#### [WORK REQUIRED]
Exactly and only the lines below from the one containing "a white bathroom" down to the one containing "Fototapeta premium Panoramic" are wanted, both included; please exclude every picture.

#### [INFORMATION PROVIDED]
=== Section Start ===

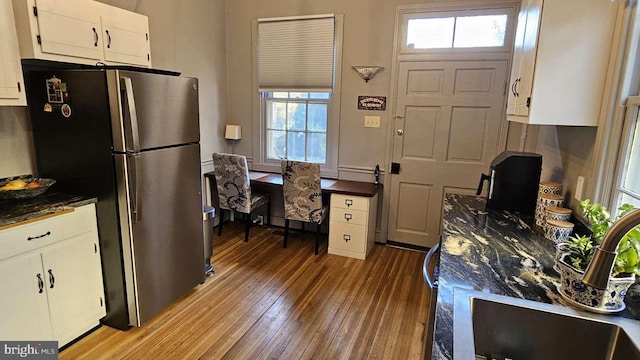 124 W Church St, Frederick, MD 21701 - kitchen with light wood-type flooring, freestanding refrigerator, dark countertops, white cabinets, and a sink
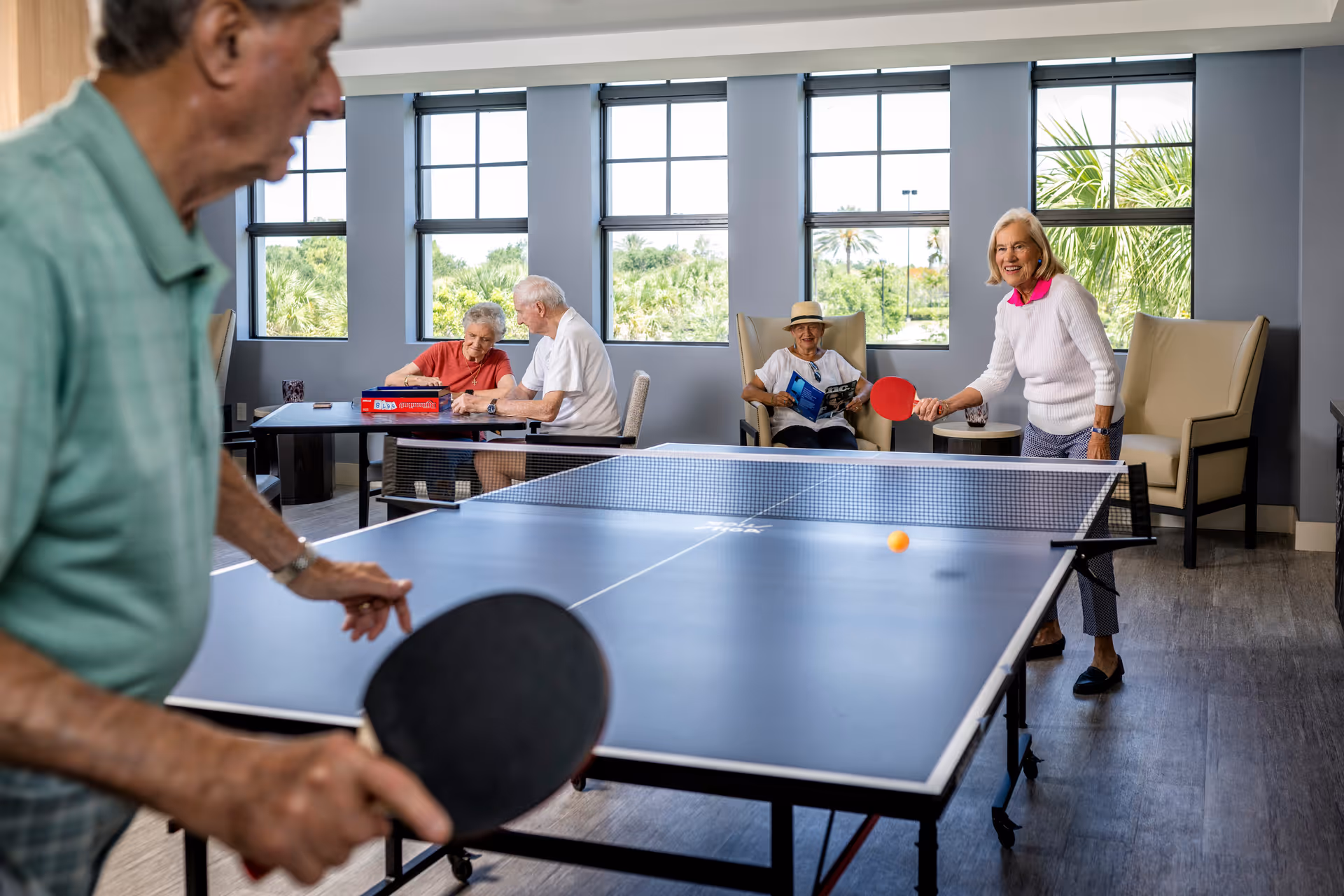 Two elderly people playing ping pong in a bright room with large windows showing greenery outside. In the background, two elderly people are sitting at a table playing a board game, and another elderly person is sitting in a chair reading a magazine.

=== Section End ===
=== Section Start ===

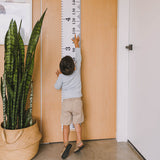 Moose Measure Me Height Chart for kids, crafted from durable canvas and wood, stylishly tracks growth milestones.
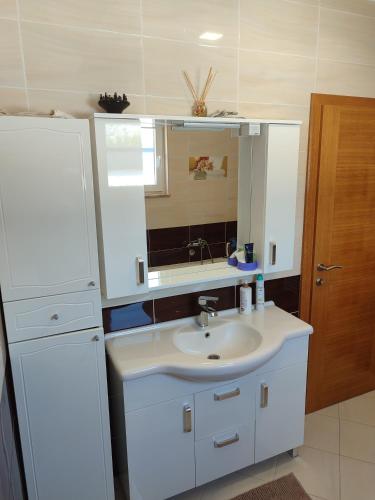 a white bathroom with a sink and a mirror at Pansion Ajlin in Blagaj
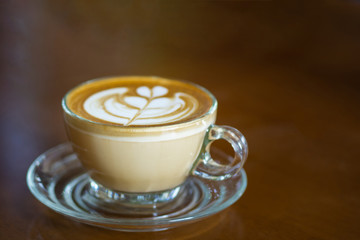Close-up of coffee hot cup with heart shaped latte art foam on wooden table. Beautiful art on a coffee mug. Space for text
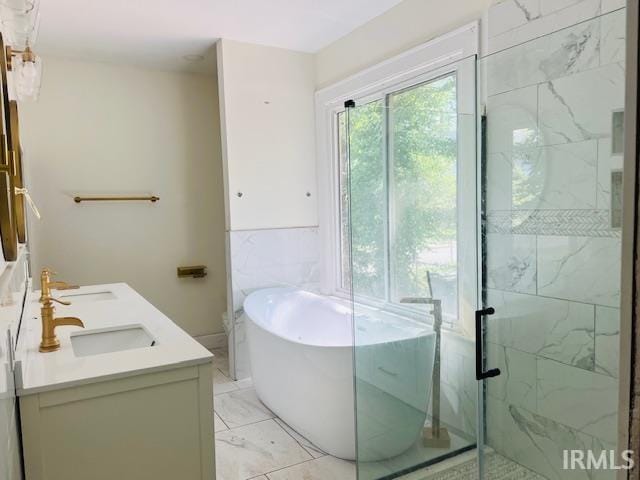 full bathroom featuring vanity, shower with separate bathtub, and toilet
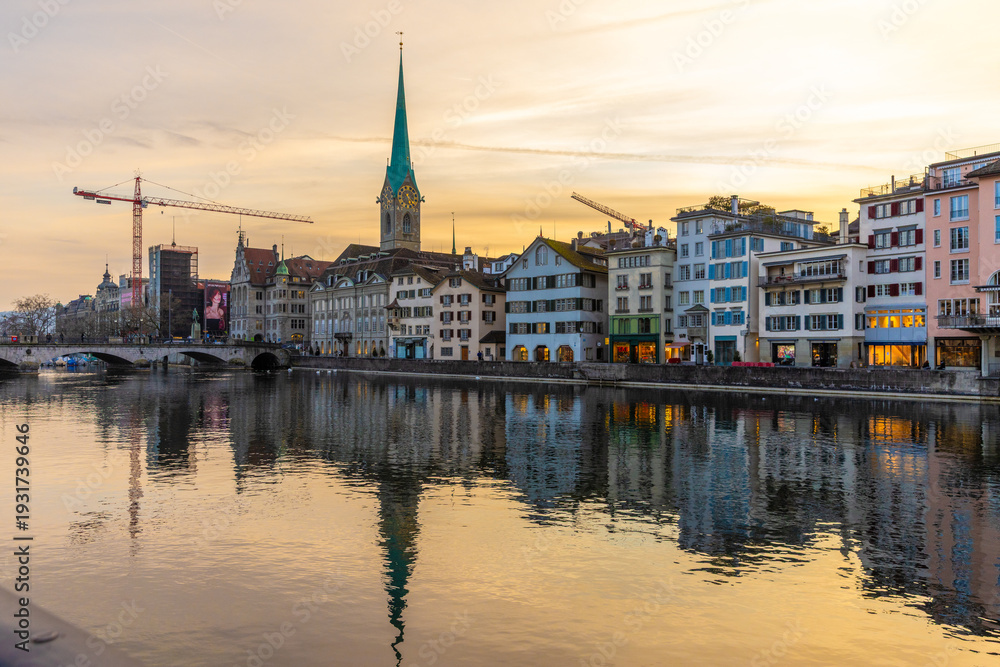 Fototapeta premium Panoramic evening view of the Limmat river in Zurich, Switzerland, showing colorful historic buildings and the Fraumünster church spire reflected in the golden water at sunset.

=== Section End ===
=== Section Start ===

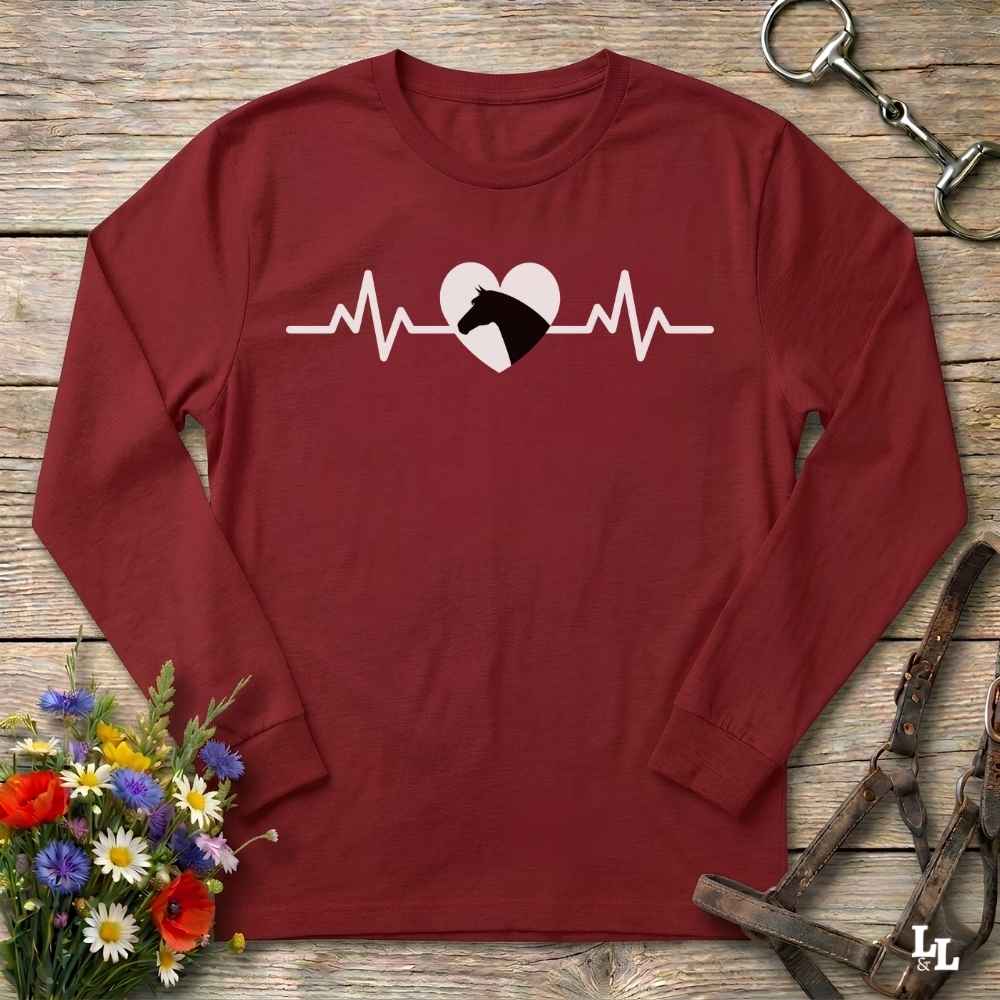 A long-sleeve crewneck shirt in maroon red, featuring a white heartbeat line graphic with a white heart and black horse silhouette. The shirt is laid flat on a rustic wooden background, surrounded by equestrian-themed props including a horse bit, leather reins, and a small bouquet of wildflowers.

=== Section End ===

#### [ANSWER TO THIS EXERCISE]
 a white bathroom with a sink and a mirror at Pansion Ajlin in Blagaj
Close-up of coffee hot cup with heart shaped latte art foam on wooden table. Beautiful art on a coffee mug. Space for text
 full bathroom featuring vanity, shower with separate bathtub, and toilet
 Fototapeta premium Panoramic evening view of the Limmat river in Zurich, Switzerland, showing colorful historic buildings and the Fraumünster church spire reflected in the golden water at sunset.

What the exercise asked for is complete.